As far as I'm concerned, these efforts to expose children to reggae-less versions of Bob Marley and cocaine-free versions of The Eagles has much more to do with the parents than with the kids themselves. I mean, do The Beatles and The Beach Boys really need to be more kid-friendly than they already are? Perhaps it's the adults who want things quieter and softer, who need the guitar turned down and the harp turned up, who need to be soothed after a long day of work and would rather stay home and watch Parks and Recreation than go to a rock show. And now, thanks to Rockabye, they can listen to benign, enervated versions of their old favorites and claim it was their kids who made them do it.

I'm pretty sure the people over at Rockabye agree; they know they're marketing to parents and not to babies. Here's the description of their Led Zeppelin album: "Close the doors and put out the light. This evening, your child's sonic bedtime story consists of a delicate dreamscape woven by the heavens and forged by the hammer of the gods. Hasn't it been a long time since you rock & rolled?"
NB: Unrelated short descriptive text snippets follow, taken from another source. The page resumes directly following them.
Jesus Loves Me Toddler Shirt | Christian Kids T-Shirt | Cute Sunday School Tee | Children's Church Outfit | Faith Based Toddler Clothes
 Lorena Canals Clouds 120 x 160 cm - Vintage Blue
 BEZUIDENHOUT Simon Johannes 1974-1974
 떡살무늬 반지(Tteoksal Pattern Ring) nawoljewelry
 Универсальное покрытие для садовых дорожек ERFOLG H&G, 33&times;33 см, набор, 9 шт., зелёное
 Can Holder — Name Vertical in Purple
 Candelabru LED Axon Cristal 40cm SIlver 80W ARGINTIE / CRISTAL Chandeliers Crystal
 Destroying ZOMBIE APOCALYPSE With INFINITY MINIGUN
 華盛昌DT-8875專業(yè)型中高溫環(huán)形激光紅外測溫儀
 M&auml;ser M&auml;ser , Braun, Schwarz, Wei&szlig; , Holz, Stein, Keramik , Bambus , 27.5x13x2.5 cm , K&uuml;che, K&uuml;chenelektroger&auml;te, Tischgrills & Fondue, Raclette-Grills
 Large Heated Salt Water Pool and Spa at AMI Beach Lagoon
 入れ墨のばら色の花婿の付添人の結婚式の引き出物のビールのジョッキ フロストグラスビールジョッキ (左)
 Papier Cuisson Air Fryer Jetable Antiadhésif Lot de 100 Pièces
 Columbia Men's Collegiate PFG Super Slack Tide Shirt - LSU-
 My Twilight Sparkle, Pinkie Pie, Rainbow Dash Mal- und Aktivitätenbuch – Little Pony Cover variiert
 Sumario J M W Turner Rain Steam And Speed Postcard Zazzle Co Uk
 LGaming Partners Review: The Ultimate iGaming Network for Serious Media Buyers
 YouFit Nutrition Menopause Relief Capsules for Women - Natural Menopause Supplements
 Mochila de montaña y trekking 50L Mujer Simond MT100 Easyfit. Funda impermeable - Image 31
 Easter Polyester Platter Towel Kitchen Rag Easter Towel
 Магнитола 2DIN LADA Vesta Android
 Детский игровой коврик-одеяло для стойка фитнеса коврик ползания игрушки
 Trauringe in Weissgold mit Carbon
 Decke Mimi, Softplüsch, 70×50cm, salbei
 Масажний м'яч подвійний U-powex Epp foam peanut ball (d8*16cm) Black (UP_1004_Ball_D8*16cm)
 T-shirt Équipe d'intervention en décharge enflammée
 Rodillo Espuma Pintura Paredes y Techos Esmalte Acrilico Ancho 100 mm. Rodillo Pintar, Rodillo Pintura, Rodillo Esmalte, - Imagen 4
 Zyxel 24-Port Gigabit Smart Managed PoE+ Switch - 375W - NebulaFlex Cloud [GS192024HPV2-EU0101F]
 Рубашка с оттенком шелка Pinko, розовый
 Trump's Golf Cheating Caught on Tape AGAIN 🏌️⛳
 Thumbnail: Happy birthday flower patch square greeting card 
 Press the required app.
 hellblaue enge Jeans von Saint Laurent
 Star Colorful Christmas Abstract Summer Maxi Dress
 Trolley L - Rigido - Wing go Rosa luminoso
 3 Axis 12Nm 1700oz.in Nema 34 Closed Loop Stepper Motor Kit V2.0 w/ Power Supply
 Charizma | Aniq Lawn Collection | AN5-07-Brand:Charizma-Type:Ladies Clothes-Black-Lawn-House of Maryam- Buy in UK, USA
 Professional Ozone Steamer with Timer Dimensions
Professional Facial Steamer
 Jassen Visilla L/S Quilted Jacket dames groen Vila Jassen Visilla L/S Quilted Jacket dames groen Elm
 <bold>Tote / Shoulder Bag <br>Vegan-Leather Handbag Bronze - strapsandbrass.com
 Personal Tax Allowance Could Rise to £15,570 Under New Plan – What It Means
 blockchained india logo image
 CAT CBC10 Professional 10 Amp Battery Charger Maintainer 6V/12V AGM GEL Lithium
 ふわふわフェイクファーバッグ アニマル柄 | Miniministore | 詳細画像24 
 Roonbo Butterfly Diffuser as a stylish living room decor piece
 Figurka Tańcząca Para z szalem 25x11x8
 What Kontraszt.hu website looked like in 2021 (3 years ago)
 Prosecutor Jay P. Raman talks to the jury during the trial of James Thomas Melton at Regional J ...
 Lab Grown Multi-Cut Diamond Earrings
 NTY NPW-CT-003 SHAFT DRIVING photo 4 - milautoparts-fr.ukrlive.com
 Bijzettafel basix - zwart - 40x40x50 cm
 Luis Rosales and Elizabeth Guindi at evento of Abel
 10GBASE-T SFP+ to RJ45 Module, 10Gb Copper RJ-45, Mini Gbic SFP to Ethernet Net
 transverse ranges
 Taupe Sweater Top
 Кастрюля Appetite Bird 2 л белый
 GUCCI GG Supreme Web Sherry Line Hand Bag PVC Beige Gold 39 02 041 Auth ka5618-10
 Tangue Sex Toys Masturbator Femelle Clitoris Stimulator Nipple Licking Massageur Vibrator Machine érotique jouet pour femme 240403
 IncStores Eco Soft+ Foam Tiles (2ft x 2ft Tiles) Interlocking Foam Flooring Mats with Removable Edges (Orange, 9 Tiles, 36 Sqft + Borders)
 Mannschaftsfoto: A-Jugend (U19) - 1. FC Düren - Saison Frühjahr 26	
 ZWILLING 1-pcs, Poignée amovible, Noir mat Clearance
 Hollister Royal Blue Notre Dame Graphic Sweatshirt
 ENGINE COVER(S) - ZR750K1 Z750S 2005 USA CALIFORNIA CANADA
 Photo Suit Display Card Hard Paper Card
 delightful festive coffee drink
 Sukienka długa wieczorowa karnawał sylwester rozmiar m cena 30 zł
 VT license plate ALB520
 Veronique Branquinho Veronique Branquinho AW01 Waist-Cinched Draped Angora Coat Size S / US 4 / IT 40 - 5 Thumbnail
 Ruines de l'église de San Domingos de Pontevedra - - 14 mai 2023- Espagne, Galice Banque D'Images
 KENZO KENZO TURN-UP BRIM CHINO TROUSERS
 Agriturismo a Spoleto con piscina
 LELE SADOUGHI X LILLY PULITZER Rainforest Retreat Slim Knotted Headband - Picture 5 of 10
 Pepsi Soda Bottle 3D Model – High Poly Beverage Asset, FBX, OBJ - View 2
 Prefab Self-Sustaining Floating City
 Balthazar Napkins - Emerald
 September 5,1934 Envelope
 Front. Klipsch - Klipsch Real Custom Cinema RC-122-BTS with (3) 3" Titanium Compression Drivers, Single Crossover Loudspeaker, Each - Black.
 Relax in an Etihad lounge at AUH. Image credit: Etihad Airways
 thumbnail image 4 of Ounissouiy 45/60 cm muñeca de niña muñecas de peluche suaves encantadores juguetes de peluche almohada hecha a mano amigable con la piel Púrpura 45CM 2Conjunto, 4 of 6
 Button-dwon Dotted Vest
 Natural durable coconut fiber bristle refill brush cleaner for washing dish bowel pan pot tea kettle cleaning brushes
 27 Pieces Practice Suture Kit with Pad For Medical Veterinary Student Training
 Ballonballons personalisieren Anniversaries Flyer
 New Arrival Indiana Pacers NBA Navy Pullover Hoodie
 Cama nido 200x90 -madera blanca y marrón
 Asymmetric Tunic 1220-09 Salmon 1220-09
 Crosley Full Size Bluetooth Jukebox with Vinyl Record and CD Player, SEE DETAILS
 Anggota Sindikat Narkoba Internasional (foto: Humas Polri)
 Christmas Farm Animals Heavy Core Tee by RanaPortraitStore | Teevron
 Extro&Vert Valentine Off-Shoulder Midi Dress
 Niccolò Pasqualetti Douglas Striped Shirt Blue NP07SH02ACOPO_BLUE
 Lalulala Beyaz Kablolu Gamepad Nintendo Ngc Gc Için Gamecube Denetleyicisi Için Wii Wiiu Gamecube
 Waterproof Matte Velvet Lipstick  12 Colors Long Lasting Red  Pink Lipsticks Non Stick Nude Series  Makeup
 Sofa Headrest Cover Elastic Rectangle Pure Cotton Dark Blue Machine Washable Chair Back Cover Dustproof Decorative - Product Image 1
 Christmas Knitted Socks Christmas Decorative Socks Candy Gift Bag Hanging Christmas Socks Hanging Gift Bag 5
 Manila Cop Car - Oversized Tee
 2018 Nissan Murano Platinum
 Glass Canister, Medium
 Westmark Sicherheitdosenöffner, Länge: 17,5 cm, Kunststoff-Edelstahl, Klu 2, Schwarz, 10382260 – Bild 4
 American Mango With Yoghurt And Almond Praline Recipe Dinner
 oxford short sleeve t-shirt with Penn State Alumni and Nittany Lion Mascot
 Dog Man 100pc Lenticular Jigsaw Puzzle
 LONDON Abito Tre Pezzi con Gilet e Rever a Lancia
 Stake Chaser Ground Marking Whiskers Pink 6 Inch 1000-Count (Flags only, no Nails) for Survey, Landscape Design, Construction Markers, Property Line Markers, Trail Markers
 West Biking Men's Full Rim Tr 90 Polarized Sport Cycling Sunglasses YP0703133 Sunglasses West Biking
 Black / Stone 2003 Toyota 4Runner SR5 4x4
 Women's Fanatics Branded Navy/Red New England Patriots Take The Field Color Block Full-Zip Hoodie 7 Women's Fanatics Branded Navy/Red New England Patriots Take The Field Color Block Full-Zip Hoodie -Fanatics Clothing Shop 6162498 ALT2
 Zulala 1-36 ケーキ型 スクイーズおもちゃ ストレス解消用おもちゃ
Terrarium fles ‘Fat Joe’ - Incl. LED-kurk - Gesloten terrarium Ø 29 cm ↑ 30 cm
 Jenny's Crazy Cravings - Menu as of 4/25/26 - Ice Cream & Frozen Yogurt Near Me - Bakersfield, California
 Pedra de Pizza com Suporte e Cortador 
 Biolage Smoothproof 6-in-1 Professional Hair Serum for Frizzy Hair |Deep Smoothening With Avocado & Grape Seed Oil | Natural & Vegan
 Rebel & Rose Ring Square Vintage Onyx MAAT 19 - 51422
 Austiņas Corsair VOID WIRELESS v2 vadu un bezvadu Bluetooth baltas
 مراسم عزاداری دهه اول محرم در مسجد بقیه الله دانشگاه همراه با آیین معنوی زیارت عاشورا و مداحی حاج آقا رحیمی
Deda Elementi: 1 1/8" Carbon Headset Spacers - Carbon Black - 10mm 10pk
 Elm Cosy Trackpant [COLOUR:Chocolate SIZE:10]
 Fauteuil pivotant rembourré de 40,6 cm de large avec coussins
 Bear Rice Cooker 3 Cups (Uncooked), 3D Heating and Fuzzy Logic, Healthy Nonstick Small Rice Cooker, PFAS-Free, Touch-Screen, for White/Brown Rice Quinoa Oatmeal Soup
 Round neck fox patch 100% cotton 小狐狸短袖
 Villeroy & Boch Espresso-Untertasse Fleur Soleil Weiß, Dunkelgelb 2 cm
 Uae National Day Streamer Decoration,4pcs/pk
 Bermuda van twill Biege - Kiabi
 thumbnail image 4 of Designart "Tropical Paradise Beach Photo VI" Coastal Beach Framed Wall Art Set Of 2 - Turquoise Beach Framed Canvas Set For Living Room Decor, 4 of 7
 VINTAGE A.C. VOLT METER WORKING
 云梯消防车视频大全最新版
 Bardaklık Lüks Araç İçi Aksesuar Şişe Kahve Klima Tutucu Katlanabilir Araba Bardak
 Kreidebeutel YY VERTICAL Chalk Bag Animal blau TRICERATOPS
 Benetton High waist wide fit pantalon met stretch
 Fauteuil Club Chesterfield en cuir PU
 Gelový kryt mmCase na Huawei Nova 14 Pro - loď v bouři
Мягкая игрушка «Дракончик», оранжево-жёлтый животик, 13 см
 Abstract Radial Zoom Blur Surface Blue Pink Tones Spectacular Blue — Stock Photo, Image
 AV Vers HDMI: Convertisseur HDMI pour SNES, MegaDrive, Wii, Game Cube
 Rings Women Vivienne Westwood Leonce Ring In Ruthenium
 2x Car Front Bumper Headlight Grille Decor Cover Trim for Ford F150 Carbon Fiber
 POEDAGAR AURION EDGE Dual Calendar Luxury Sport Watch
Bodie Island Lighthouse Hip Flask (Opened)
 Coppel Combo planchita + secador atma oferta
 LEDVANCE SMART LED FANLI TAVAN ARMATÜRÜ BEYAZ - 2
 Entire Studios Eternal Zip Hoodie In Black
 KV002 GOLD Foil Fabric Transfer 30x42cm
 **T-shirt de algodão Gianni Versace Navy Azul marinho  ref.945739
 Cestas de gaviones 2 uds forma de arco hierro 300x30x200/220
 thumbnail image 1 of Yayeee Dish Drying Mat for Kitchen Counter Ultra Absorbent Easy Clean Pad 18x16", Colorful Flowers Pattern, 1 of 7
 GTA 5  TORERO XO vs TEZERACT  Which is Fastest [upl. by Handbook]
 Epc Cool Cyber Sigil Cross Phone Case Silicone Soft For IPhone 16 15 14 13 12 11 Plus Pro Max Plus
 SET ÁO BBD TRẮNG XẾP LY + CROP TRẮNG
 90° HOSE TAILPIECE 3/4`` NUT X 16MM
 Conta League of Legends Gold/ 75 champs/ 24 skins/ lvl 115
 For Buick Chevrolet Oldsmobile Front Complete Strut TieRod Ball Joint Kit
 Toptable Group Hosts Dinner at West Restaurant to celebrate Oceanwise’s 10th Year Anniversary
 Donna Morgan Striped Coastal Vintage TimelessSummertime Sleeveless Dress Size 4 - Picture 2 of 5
My favorite part of the Rockabye Baby! site is a box containing a "community poll" that asks: "Who should we Rockabye next?" The use of rockabye as a verb is brilliant. Personally, I would take it one step further and make the word an adjective, as well. For instance, "rockabye" should definitely be applied to bands and artists who have lost all their edge — or who never even had it in the first place. As in, "Grizzly Bear? They're cool, if you like rockabye."

I think the people at Rockabye are on to something, and it's not babies; it's us.